- Directed by: Ann Marie Fleming
- Written by: Ann Marie Fleming
- Produced by: Gerry Flahive Michael Fukushima
- Edited by: Ann Marie Fleming Ileana Pietrobruno
- Music by: Pierre Yves Drapeau Normand Roger
- Release date: 2010;
- Running time: 15 minutes
- Country: Canada
- Language: English

= I Was a Child of Holocaust Survivors =

I Was a Child of Holocaust Survivors is a 2010 animated film by Ann Marie Fleming based on a 2006 autobiographical graphic novel by Bernice Eisenstein. In the book and its film adaptation, Eisenstein explores her own identity through the experience of her parents, both Auschwitz survivors.

==Production==
Fleming was one of several animators approached by National Film Board of Canada producer Michael Fukushima for film treatments for a planned adaption of Eisenstein's book.
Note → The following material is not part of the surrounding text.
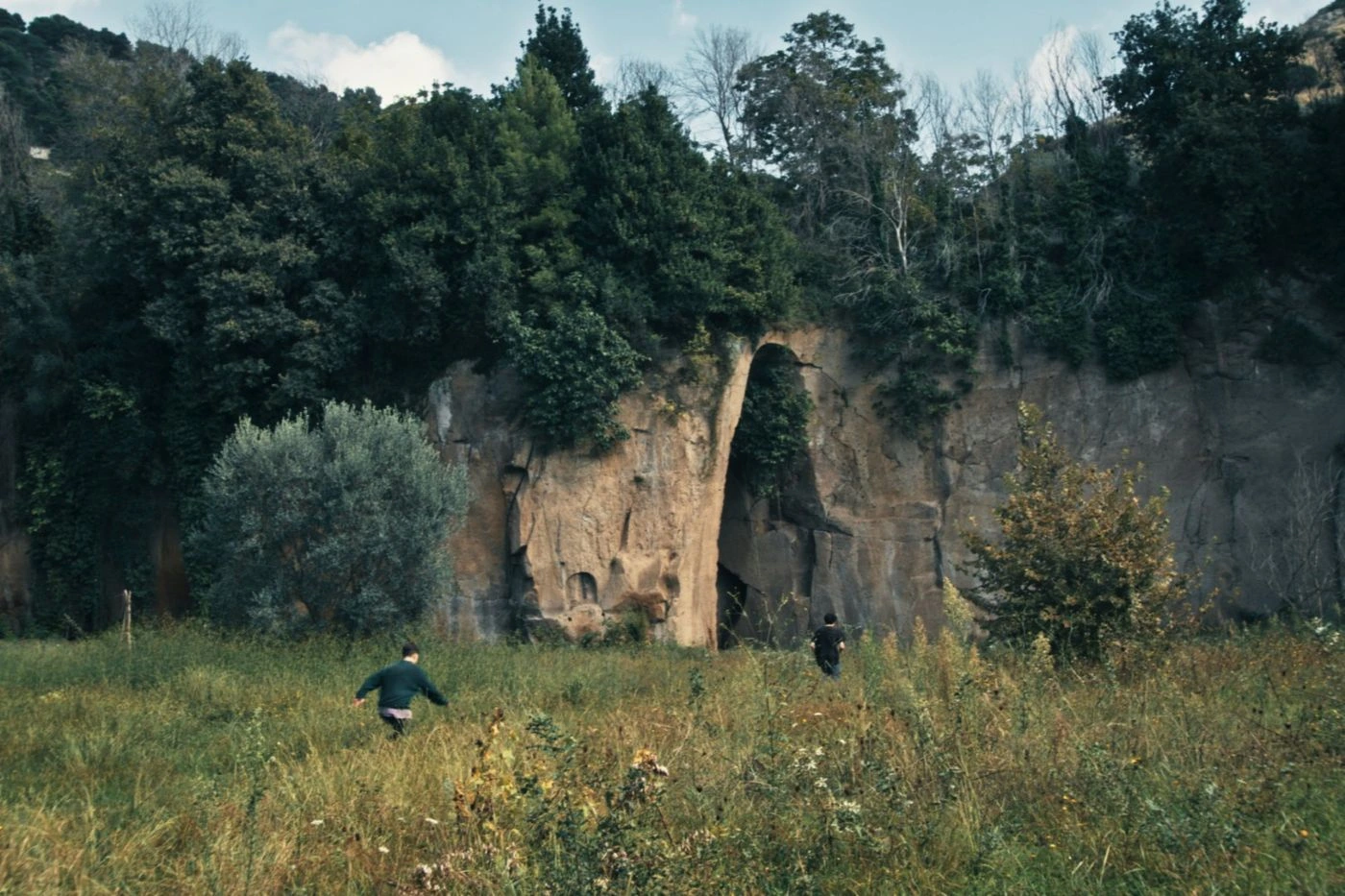 Szenenbild aus "Mambo Kids": Zu sehen ist eine Wiese mit hohem Gras in einer natürlichen Landschaft. Zwei Personen in dunkler Kleidung bewegen sich durch das Gras auf eine große Felswand zu. In der Mitte der Felswand befindet sich eine schmale, hohe Öffnung wie ein natürlicher Durchgang. Die Felswand ist von Bäumen und Sträuchern umgeben, darüber ein heller, leicht bewölkter Himmel. [erstellt mit KI]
Fleming had never head of the book and was at first reluctant, as she was more accustomed to creating her own personal works and because as a non-Jew, she was unsure she would be able to portray Eisenstein's story. She was assured that her background was not an issue for the NFB or the author, and submitted a proposal that was eventually accepted. Work on the 15-minute film would take almost four years, with Fleming using three animators: Lillian Chan, Howie Shia and Kevin Langdale. The film was named one of the Toronto International Film Festival's top ten Canadian films of the year.